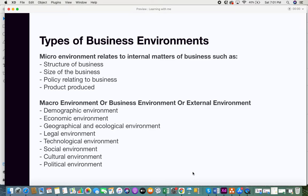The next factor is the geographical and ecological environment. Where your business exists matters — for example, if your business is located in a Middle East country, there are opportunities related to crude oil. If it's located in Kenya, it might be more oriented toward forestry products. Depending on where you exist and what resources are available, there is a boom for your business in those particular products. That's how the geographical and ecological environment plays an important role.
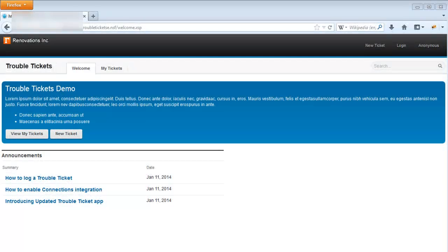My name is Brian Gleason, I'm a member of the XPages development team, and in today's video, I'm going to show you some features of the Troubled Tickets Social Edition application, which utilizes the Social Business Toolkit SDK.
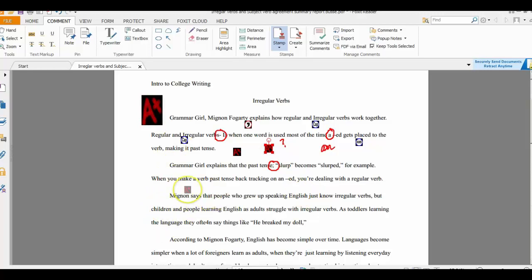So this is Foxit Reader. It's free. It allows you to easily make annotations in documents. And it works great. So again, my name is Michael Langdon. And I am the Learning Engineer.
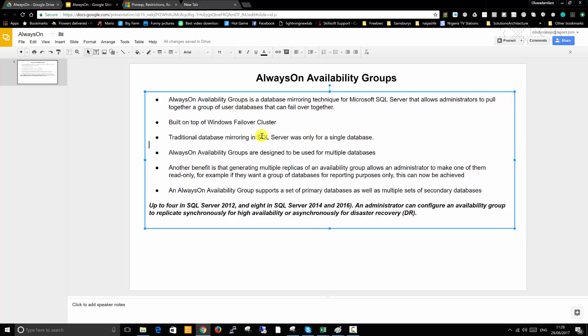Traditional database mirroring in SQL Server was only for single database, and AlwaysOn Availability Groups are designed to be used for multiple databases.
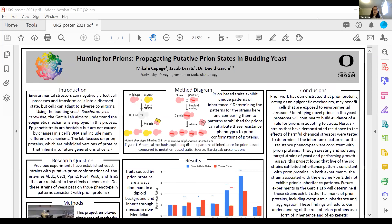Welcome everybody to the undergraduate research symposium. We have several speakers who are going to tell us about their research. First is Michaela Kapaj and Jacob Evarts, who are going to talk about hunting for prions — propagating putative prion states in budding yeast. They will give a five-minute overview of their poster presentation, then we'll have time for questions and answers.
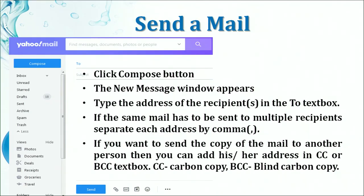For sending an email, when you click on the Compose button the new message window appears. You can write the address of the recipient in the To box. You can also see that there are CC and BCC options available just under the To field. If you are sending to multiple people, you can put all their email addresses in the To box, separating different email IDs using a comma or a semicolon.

The problem:
Word for word, please, restate the lines of the listing from the one holding "So this is Foxit" down to the last line, leaving out any pictures.

Response to the exercise:
So this is Foxit Reader. It's free. It allows you to easily make annotations in documents. And it works great. So again, my name is Michael Langdon. And I am the Learning Engineer.
Traditional database mirroring in SQL Server was only for single database, and AlwaysOn Availability Groups are designed to be used for multiple databases.
Welcome everybody to the undergraduate research symposium. We have several speakers who are going to tell us about their research. First is Michaela Kapaj and Jacob Evarts, who are going to talk about hunting for prions — propagating putative prion states in budding yeast. They will give a five-minute overview of their poster presentation, then we'll have time for questions and answers.
For sending an email, when you click on the Compose button the new message window appears. You can write the address of the recipient in the To box. You can also see that there are CC and BCC options available just under the To field. If you are sending to multiple people, you can put all their email addresses in the To box, separating different email IDs using a comma or a semicolon.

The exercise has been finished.